President Joe Biden is nominating Tucson, Ariz., Police Chief Chris Magnus, a gay man and an advocate for progressive policing policies, to be commissioner of Customs and Border Protection.
Magnus would be the first out member of the LGBTQ+ community to lead CPB, which is part of the Department of Homeland Security. He was one of six Homeland Security nominees Biden announced Monday.
Magnus was named Tucson’s police chief in 2016 after having been chief in Richmond, Calif., and Fargo, N.D. He started his law enforcement career as a dispatcher in his hometown of Lansing, Mich., in 1979, and he rose through the ranks there.
While working in Richmond, located in the San Francisco Bay Area, in 2014, he was photographed holding a Black Lives Matter sign at a protest shortly after the police shooting of Michael Brown in Ferguson, Mo. “When criticized by the local police union, said he would do it again,” The New York Times notes.
In all of the cities where he worked, “Magnus developed a reputation as a progressive police leader who focused on relationship-building between the police and community, implementing evidence-based best practices, promoting reform, and insisting on police accountability,” according to a White House press release. Violent crime decreased sharply in Richmond during his tenure.

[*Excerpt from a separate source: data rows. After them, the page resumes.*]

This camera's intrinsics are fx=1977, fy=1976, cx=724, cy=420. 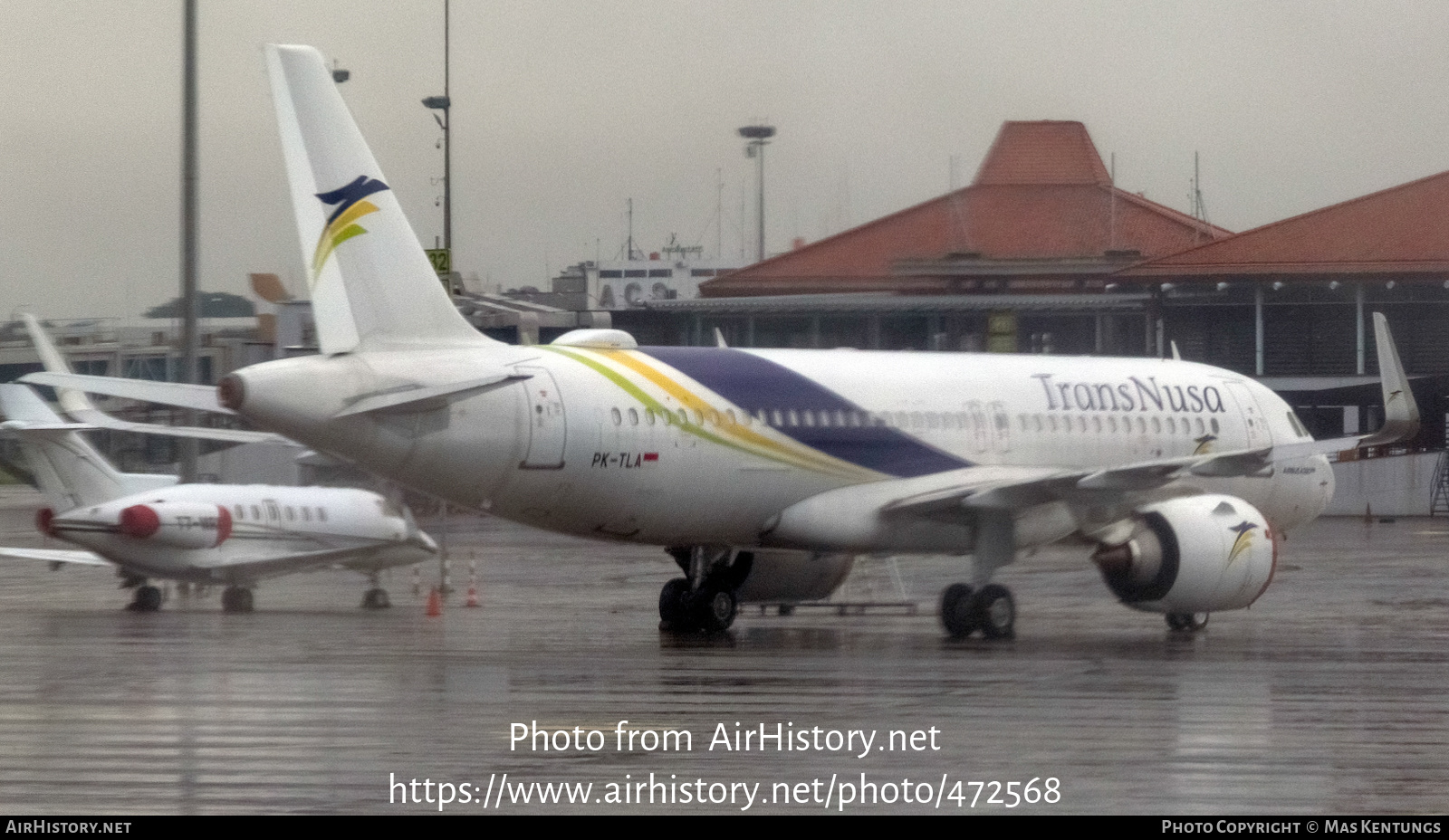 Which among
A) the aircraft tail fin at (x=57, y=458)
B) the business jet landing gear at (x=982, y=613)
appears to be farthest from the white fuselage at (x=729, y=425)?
the aircraft tail fin at (x=57, y=458)

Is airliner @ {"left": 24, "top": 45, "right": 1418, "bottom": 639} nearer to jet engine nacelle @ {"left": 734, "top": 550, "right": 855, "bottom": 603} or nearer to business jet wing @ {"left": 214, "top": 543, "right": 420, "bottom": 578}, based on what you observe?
jet engine nacelle @ {"left": 734, "top": 550, "right": 855, "bottom": 603}

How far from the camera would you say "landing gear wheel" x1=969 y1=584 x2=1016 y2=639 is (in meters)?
21.9

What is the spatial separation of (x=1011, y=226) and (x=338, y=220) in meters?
16.7

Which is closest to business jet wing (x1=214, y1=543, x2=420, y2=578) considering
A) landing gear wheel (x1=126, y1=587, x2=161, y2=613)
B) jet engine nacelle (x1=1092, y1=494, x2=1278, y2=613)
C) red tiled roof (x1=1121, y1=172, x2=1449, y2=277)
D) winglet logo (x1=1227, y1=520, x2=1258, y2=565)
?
landing gear wheel (x1=126, y1=587, x2=161, y2=613)

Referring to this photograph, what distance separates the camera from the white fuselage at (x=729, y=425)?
19016mm

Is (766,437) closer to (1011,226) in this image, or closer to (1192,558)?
(1192,558)

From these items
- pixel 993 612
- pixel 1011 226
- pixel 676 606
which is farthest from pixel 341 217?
pixel 1011 226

He was an outspoken critic of Donald Trump’s immigration policies, denouncing them in a 2017 Times column that also took then-Attorney General Jeff Sessions to task. “The harsh anti-immigrant rhetoric and Mr. Sessions’s reckless policies ignore a basic reality known by most good cops and prosecutors,” Magnus wrote. “If people are afraid of the police, if they fear they may become separated from their families or harshly interrogated based on their immigration status, they won’t report crimes or come forward as witnesses.”

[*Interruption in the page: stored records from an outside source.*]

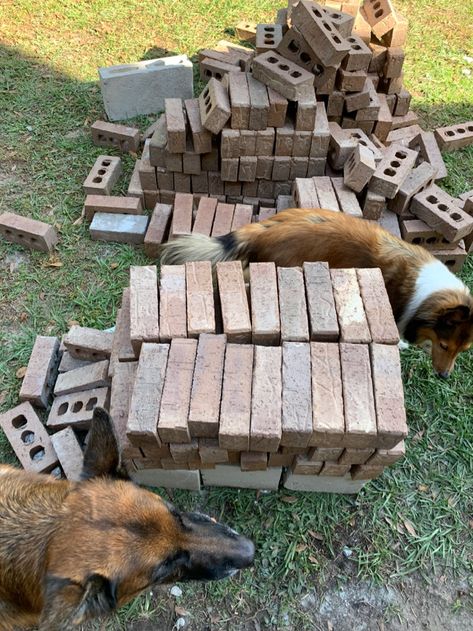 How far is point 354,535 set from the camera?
11.8 feet

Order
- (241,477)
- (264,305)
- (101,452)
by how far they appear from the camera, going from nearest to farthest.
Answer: (101,452), (264,305), (241,477)

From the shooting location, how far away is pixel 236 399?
282 cm

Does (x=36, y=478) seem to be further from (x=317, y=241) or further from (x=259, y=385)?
(x=317, y=241)

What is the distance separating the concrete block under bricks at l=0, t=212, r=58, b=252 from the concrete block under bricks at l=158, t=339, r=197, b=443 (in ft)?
8.99

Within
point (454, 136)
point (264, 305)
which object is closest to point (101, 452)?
point (264, 305)

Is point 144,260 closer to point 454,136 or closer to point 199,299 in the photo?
point 199,299

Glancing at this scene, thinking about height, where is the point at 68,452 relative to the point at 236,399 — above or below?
below

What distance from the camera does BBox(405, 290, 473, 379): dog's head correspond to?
3.66 metres

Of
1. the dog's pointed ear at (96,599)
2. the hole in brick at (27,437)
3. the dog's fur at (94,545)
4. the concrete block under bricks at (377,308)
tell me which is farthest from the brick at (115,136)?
the dog's pointed ear at (96,599)

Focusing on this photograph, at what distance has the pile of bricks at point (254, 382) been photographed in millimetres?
2762

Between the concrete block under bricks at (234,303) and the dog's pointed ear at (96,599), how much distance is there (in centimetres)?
153

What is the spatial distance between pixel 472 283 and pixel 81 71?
20.3 feet

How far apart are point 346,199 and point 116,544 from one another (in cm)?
362

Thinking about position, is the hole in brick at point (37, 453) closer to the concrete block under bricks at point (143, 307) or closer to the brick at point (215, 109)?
the concrete block under bricks at point (143, 307) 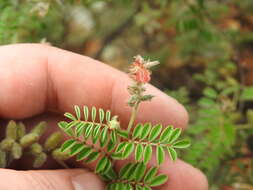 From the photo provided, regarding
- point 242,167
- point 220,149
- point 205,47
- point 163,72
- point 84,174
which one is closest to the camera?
point 84,174

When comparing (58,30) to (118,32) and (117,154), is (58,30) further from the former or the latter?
(117,154)

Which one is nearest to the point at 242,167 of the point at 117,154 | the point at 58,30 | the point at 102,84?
the point at 102,84

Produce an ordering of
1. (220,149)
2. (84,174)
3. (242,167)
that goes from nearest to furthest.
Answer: (84,174) < (220,149) < (242,167)

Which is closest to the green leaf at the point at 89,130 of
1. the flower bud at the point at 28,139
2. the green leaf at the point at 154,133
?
the green leaf at the point at 154,133

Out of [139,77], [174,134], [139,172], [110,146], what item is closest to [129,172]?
[139,172]

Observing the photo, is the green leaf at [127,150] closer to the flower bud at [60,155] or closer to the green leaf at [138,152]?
the green leaf at [138,152]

Although he resisted attempts to make Tucson a sanctuary city, “he generally eschewed cooperation with federal immigration authorities, placing him at odds with the Border Patrol union — and many of the agents and officials who will potentially be under his command,” The Washington Post reports.
His career has not been without controversy. Critics on the right have objected to his progressivism, while those on the left have said it doesn’t go far enough. Last year in Tucson, it took two months for the police department to release body-camera video of Carlos Ingram Lopez, a 27-year-old Latinx man who died in police custody.
“There’s an entire culture of secrecy, lack of transparency, of cruelty, within the Border Patrol,” Alba Jaramillo, who heads Tucson-based immigrant rights group Arizona Justice for Our Neighbors, told the Times. “Having someone lead that agency from our own community who has not been transparent is very problematic.” Magnus apologized for the delay and offered his resignation as police chief, but city officials did not accept it.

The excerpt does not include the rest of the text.